I had a fairly good idea what the reaction was going to be, but I really underestimated the levels of disillusionment, cynicism and disgust that I was subjected to.
I think it might have been a combination of the economy, the likely cuts and the opinion polls, but I had my ear bent.
It would be easy to say 'the honeymoon is over' but that really doesn't reveal the scale of the disappointment that the SNP supporters and activists have over their party's performance.
One very long-serving active supporter described the SNP Government as 'just as bad as all the rest' and expected Labour to win clearly next year, both locally and nationally. They were not prepare to take any part in the next campaign.
Another prominent activist was looking glumly into his beer and wondering just what the point of his membership was.

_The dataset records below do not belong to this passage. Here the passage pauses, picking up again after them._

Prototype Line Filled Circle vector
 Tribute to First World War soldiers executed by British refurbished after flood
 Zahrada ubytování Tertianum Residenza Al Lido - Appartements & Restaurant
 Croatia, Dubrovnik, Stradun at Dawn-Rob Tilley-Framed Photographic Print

He expected the SNP to retain this seat, but in opposition, and that the past three year were utterly wasted.
Both believed that the SNP Government should have gone for a referendum, which they believe would have been lost, as it would have given the party a focus.
I'm broadly in agreement with both these views, except that if the list of likely Labour candidates that I have seen doesn't fill me with great expectations. I suspect I may have been sent an incorrect list, deliberately, as my information is that Labour have recovered from recent defeats and are building a new campaigning structure from the grass-roots up, which has the virtue of being inclusive. The rebuilding carries with it a lot of very adverse baggage from Gordon Brown and Tony Blair, and if the candidate I consider to be the most likely is selected, then they are still going to have a mountain to climb.

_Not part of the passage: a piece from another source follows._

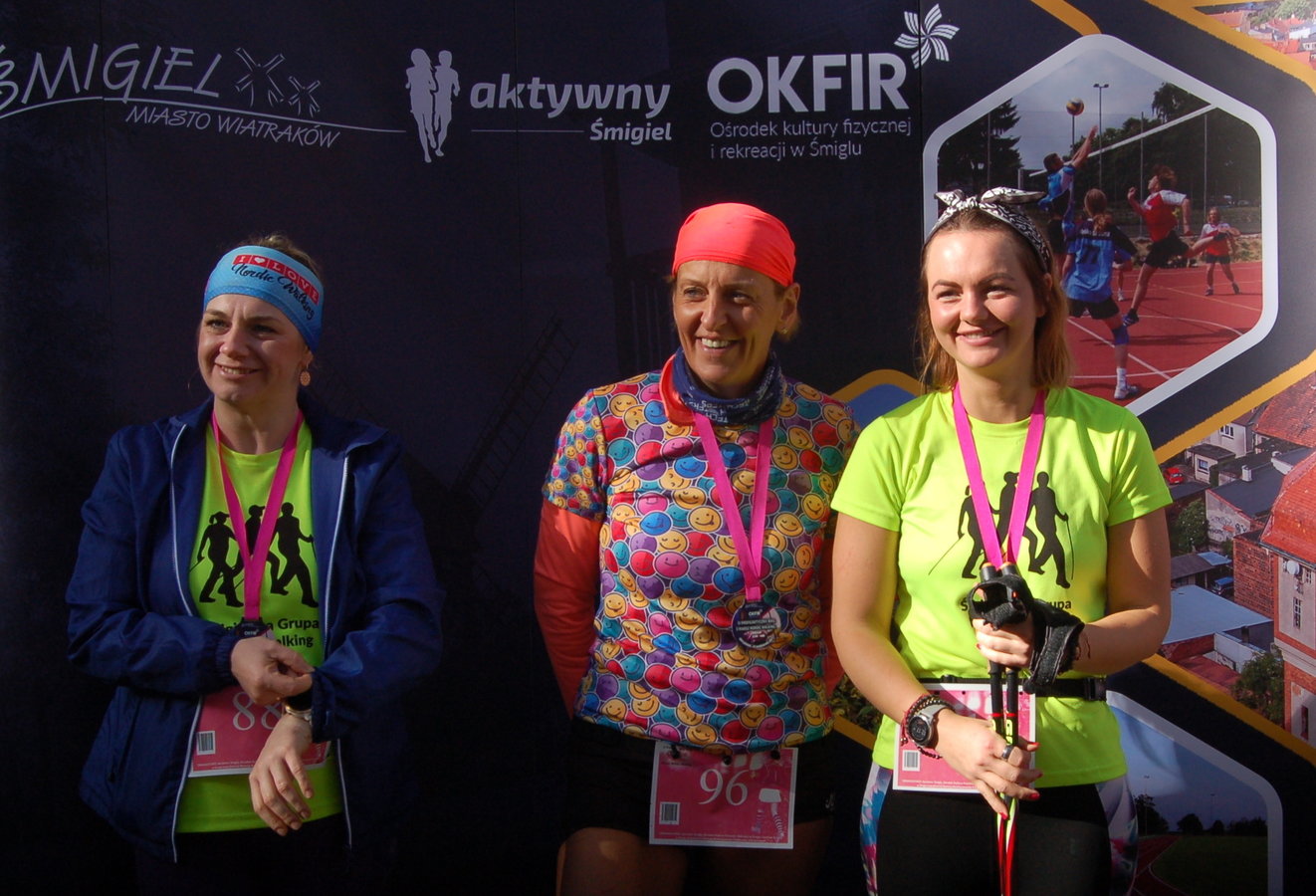 najlepsze panie w kategorii nordic walking na ściance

Conversely, the candidate most likely to be successful is the very one that they must not select, if they want to avoid the islands looking like incompetent hick idiots.
The local SNP are disillusioned with Alex Salmond and our local representation, especially over the side-lining of Independence as a policy, and whilst the polls might suggest a big swing to Labour, I don't think that the local swing is anywhere near the national average. At the moment.
I think the October budget cuts might just prove to be the tipping point. And so do the despondent SNP supporters.